Our analysis begins with the procedural aspect of this case. As a general rule, summary judgment pursuant to CPLR 3212 is premature prior to issue having been joined by service of an answer (see Lockheed Martin Corp. v Aatlas Commerce, Inc., 283 AD2d 801, 802 [2001]). A court may, however, by giving appropriate notice pursuant to CPLR 3211 (c), treat a CPLR 3211 motion as one for summary judgment (see id. at 802). A recognized exception to the notice requirement is found in cases where the parties have laid bare their proof and deliberately charted a summary judgment course (see id. at 802-803; Four Seasons Hotels v Vinnik, 127 AD2d 310, 320 [1987]). Although plaintiff's counsel notes that issue has not been joined or discovery completed, opposition to the motion is predicated on the existence of issues of fact, i.e., (1) whether the terms of plaintiff's employment require either three months or six months notice of termination and (2) whether defendant was genuinely dissatisfied with plaintiff's performance. Moreover, both parties have submitted all of the documentary evidence concerning this dispute, clearly charting a summary judgment course. Therefore, Supreme Court properly decided the motion as one for summary judgment.

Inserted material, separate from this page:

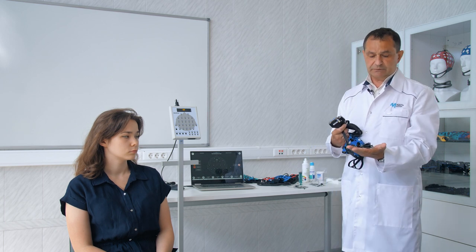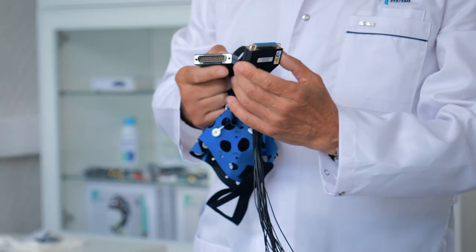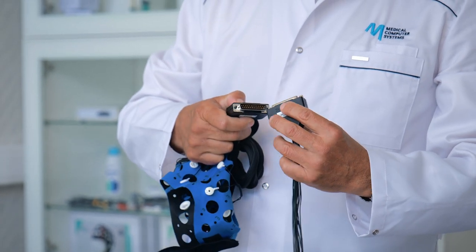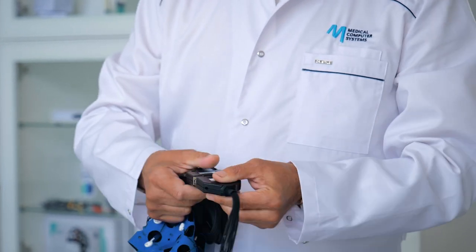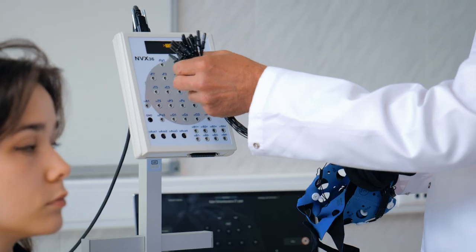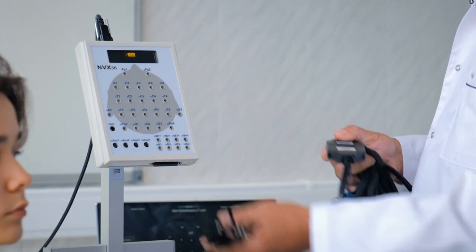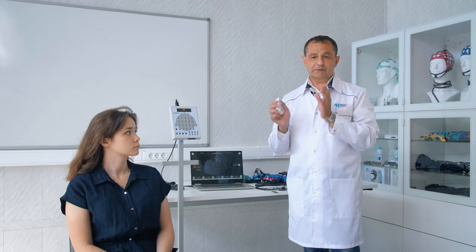In the event that there is a requirement to register utilizing touch-proof type end plugs with a diameter of 1.5 millimeters, which is a widely accepted standard measurement, an adapter is utilized for this specific purpose, which easily connects to the common connector. Then we use separate forks which we insert into the sockets on the front panel of the electroencephalograph. We will record today through a common connector.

As a substantive matter, the issues raised by plaintiff are not relevant to the disposition of this case. It is axiomatic that when an employment contract contains a fixed term, the employment terminates on the date specified in the contract (see Rosen v Vassar Coll., 135 AD2d 248, 251 [1988], lv denied 72 NY2d 805 [1988]; Bradley v New York Univ., 124 NYS2d 238, 241 [1953], affd 283 App Div 671 [1954], affd 307 NY 620 [1954]; see also Zador v Millard Fillmore Hosp., 261 AD2d 876, 877 [1999], lv denied 93 NY2d 816 [1999]; De Simone v Siena Coll., 243 AD2d 1037, 1038 [1997]). However, if the contract contains a clause obligating the employer to give the employee notice that the contract will not be renewed, the employer breaches the contract if there is a failure to comply with the notice requirement (see De Simone v Siena Coll., supra at 1038; De Simone v Skidmore Coll., 159 AD2d 926, 927 [1990]).

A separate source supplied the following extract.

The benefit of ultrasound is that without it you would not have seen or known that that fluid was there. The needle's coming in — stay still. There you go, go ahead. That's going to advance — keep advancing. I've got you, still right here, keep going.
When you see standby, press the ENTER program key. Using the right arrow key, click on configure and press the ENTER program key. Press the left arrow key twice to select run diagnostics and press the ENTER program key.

Here, "[p]laintiff was employed for the full time for which she had been hired and was paid accordingly. Defendant promised no more than that" (Brumbach v Rensselaer Polytechnic Inst., 126 AD2d 841, 842 [1987] [citation omitted]; see De Simone v Siena Coll., supra at 1038). Specifically, plaintiff's contract was for a definite term expiring on August 31, 2006. Although the contract provided that, "[u]nder normal circumstances, notice of continuation, alteration, or non-renewal will be issued no later than June 1, 2006," the fact that plaintiff was previously placed on probation for performance deficiencies cannot be considered normal circumstances and, in any event, this contract provision in no way bound defendant to give three months notice of nonrenewal (see De Simone v Siena Coll., supra at 1038; Brumbach v Rensselaer Polytechnic Inst., supra at 842).

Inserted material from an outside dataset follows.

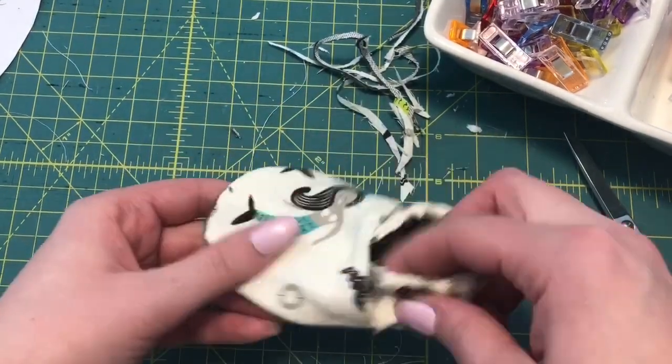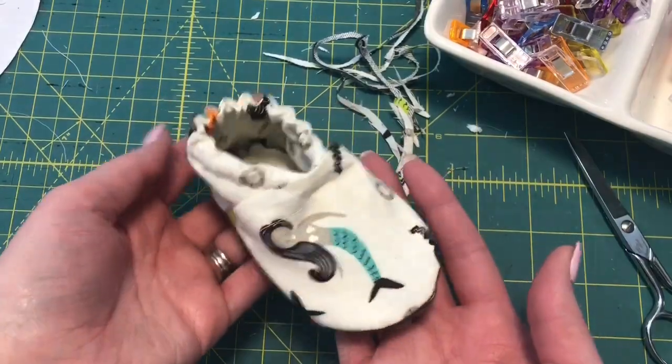After you've trimmed all the way around, you can flip your shoe right side out and you have one of your little baby shoes done. Once you've turned both baby shoes right sides out, you are all done! I hope you guys enjoyed this tutorial. Make sure to give it a thumbs up and subscribe, and if you want to see more pictures, tips, and tricks, check out my Instagram at MySewBliss. I'll see you guys next time, bye!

Plaintiff's employment was not prematurely terminated during the course of her contractual term of appointment nor, as the documentary evidence establishes, was the position eliminated. Thus, none of the termination provisions of the contract was triggered. As defendant fulfilled its obligations under the contract, Supreme Court properly granted the motion for summary judgment dismissing the complaint. Plaintiff's other arguments have been considered and either lack merit or have not been preserved for appellate review. [*3]

Crew III, J.P., Peters, Carpinello and Kane, JJ., concur. Ordered that the order is affirmed, with costs.